■ **TASK**: What is needed is a word-for-word copy of the lines below from the one with "Nike Air Force" through the one with "最佳6.5英寸扬声器:升级汽车音响系统的最佳选择", both included, with every picture left out.

*** Opening RECORDS SHOWN ***

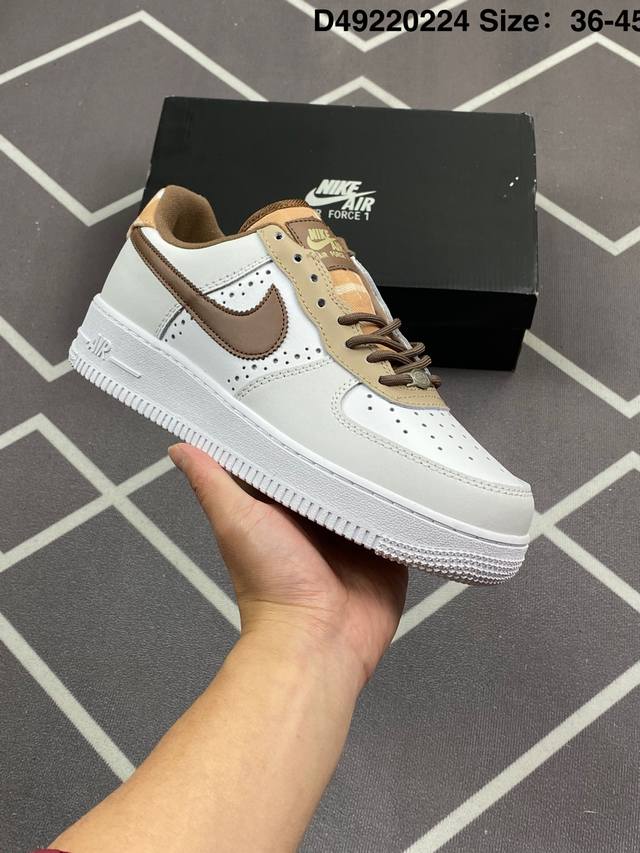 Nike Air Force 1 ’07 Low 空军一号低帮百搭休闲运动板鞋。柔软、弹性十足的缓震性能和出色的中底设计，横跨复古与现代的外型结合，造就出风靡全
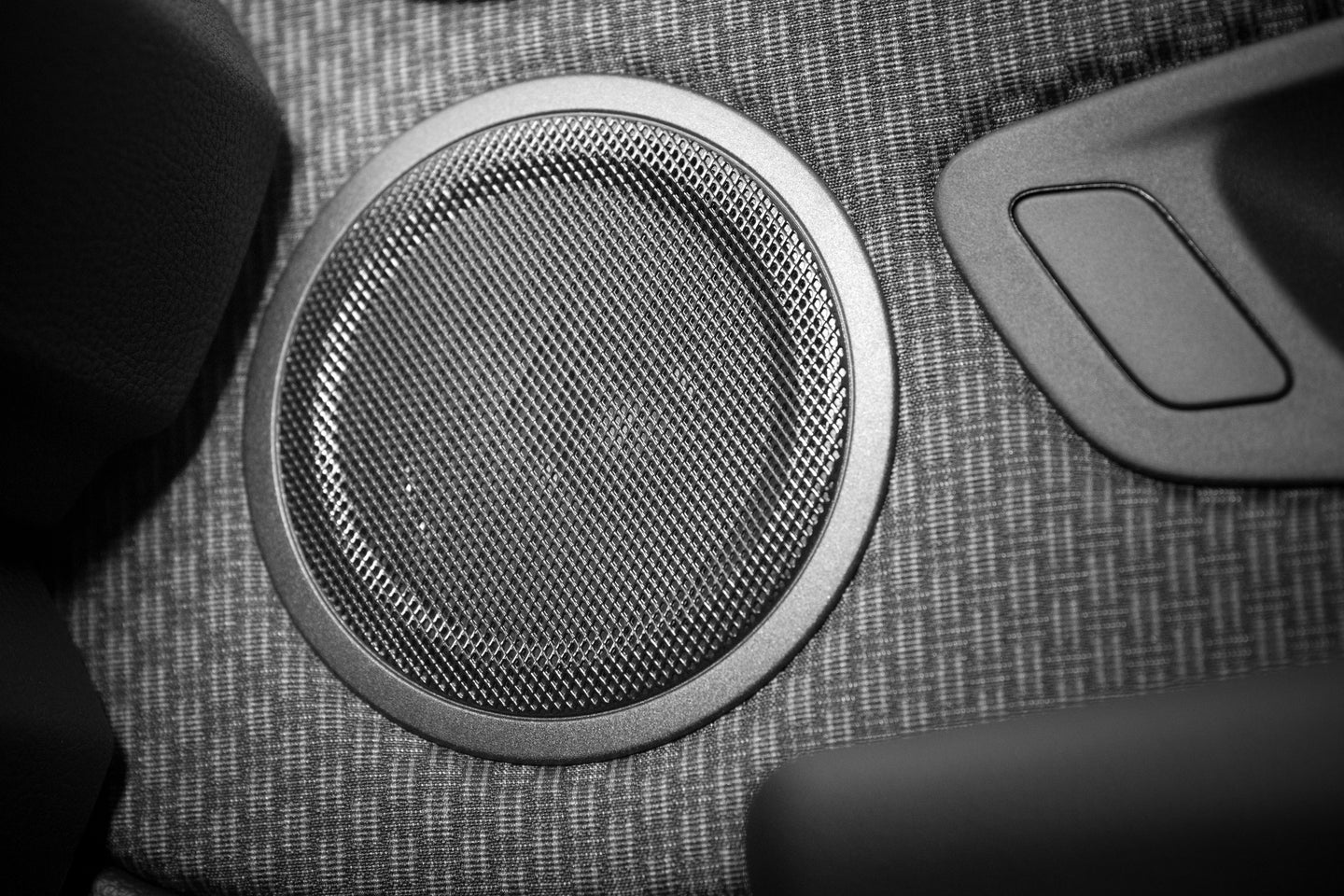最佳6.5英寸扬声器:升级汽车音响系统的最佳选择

*** Closing RECORDS SHOWN ***
*** Opening RECORDS SHOWN ***

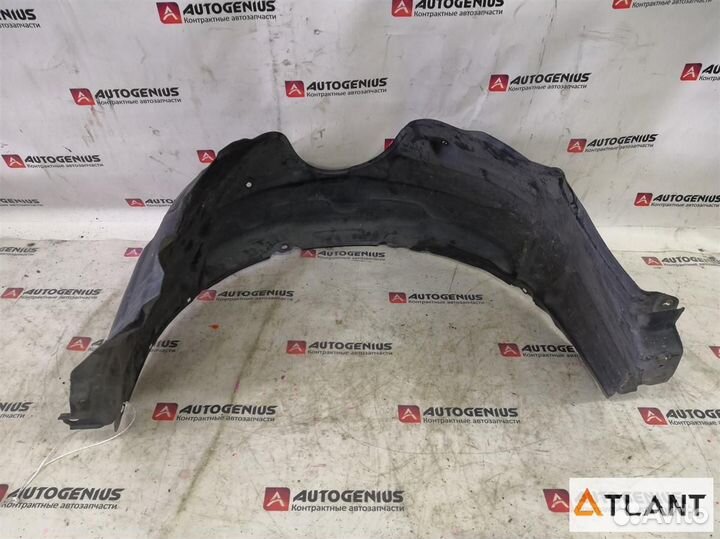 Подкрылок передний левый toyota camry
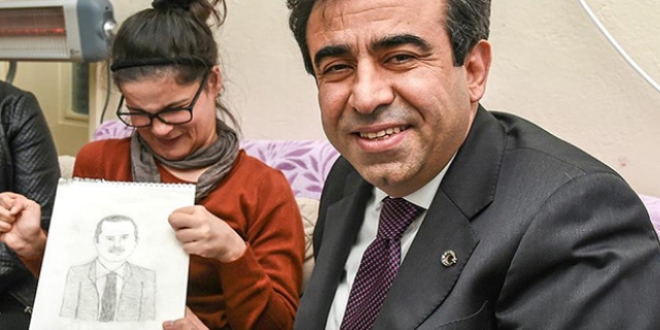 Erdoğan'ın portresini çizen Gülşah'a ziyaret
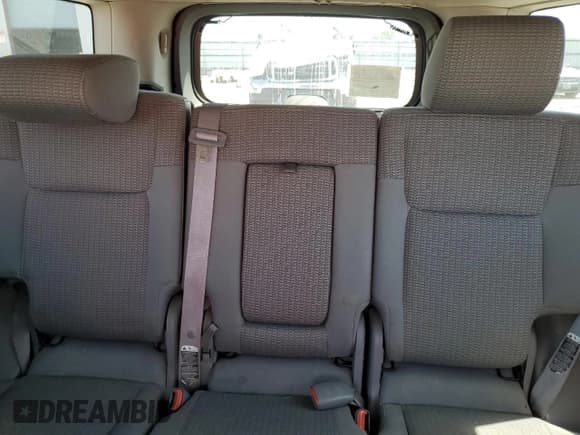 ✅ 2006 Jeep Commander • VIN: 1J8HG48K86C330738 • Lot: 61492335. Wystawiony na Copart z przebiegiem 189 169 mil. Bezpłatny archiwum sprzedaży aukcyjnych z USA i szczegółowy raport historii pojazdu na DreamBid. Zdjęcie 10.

*** Closing RECORDS SHOWN ***

■ **EXERCISE ANSWER**:
 Nike Air Force 1 ’07 Low 空军一号低帮百搭休闲运动板鞋。柔软、弹性十足的缓震性能和出色的中底设计，横跨复古与现代的外型结合，造就出风靡全
最佳6.5英寸扬声器:升级汽车音响系统的最佳选择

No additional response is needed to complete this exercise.